Ravi Varmas come alive
The song, `Pinakkamano..' showcases the grandeur of Ravi Varma paintings in cinematic style. Prema Manmadhan speaks to the crew which created it
HISTORY VERSUS THE PRESENT The three Ravi Varma paintings juxtaposed with the poses that Kavya Madhavan strikes in the song, `Pinakkamano..' in the movie, `Ananthabhadram' PHOTOS OF KAVYA: HARI THIRUMALA
Raja Ravi Varma was once dubbed the creator of `calendar art' and `kitsch'. Detractors took a back seat before long and the royal artist's works are today one of the most sought after in the international art world. That he made art accessible to people through reprints in those days is what puts him above most others. All the gods and goddesses who adorned pooja rooms in Kerala in the latter part of the last century were certainly Ravi Varma reprints.
The song, `Pinakkamano... ' composed by M.G. Radhakrishnan in `Ananthabhadram,' is a celebration of Ravi Varma works, a tribute to the Raja, as Santosh Sivan, director and cinematographer, puts it. The song, sung by M.G. Sreekumar and Manjari, with orchestration by Kannan, appeals for a specific reason.

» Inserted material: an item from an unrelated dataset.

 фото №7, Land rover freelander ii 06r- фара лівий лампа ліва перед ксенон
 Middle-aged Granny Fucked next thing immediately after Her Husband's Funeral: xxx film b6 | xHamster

What is it that charms the viewers that they never tire of watching it, again and again?
The amalgamation of so many things Keralite and the reinventing of Raja Ravi Varma's lovely women on celluloid. The song sequences, in turn, take off from a Ravi Varma frame, the character coming to life, stepping on to imagination mode and then making place for yet another frame to unfold. Six paintings stream by, supported by romance and make-belief, soaked in nostalgia and history. And the Malayali relives a bygone golden era in his subconscious mind.
The idea came to Santosh Sivan, director and cinematographer, when he was planning the movie.
"Yes, it is a tribute to Raja Ravi Varma, who is so intrinsically etched in every Malayali's mind. Kavya Madhavan fitted to a T the women in the paintings, with her large expressive eyes, innocence and pure Malayali looks. Prithviraj, I thought, would be the ideal guy, handsome and educated," he said.
The picturisation of the song sequence, as also the film, was a perfect piece of teamwork; Pattanam Rasheed's make-up, Satheesh' costumes, Saroja's hairdos, Sunil's art direction, a sensuous romantic pair and Santosh Sivan's camerawork, exploring the magic of light and shade. It was not so much money as talent and perseverance that made the enchanting song possible. The paintings were closely studied and the team set to work.
Says Rasheed, about the make-up, "The skin tone I gave the characters is akin to an oil painting, orange-yellow shades, which give a painting-like look. That is why you feel that a painting is coming to life in some shots. The eye and eye brow make-up is also different, according to the old styles in the paintings."
The paintings have not been represented, as they are 100 per cent, as a few scenes show.
Attention to detail
Hairstylist Saroja did Kavya's hair after taking a long deep look at the paintings.
"After 27 years in the field, I know exactly how a hairdo is done when I see it, even if it's a picture," she says confidently.
Costumer Satheesh had quite a job, buying, dying and stringing together jewellery as also putting together the costumes a la Ravi Varma era.
"As I got ample time, I could do it as well as possible. Usually we are not given enough time to fix the costumes. This time I knew two months before the shooting date what was needed and the director did not rush things. Not one of the saris that Kavya wears is complete in itself. To get the colours of the body and border of the sari as close as possible to the ones in the paintings, I shopped in Chennai, Bangalore and Kochi. I had to attach the borders to some of the saris and dyed some to get the right shade."
Also the jewels are all reassembled ones.
"The cost is minimal but I had to rework all the jewels, with a few stones from one chain added to another. We kept the prints of the painting as a reference point. We did not spent much actually, it is the lighting which contributed to the rich look," Satheesh explained.
Sunil, art director, agreed that despite the theme of the song being historical, expenses were kept to the minimum. In the Damayanthi painting, the swan is missing.
"It's somewhere in the background, if you have noticed, laughs Santhosh.
Imbibing the spirit of the paintings was the idea and building up imagination to cater to the surreal ambience of the story that the movie unfolds. The magic of `Pinakkamano..' draws people again and again before the TV screens.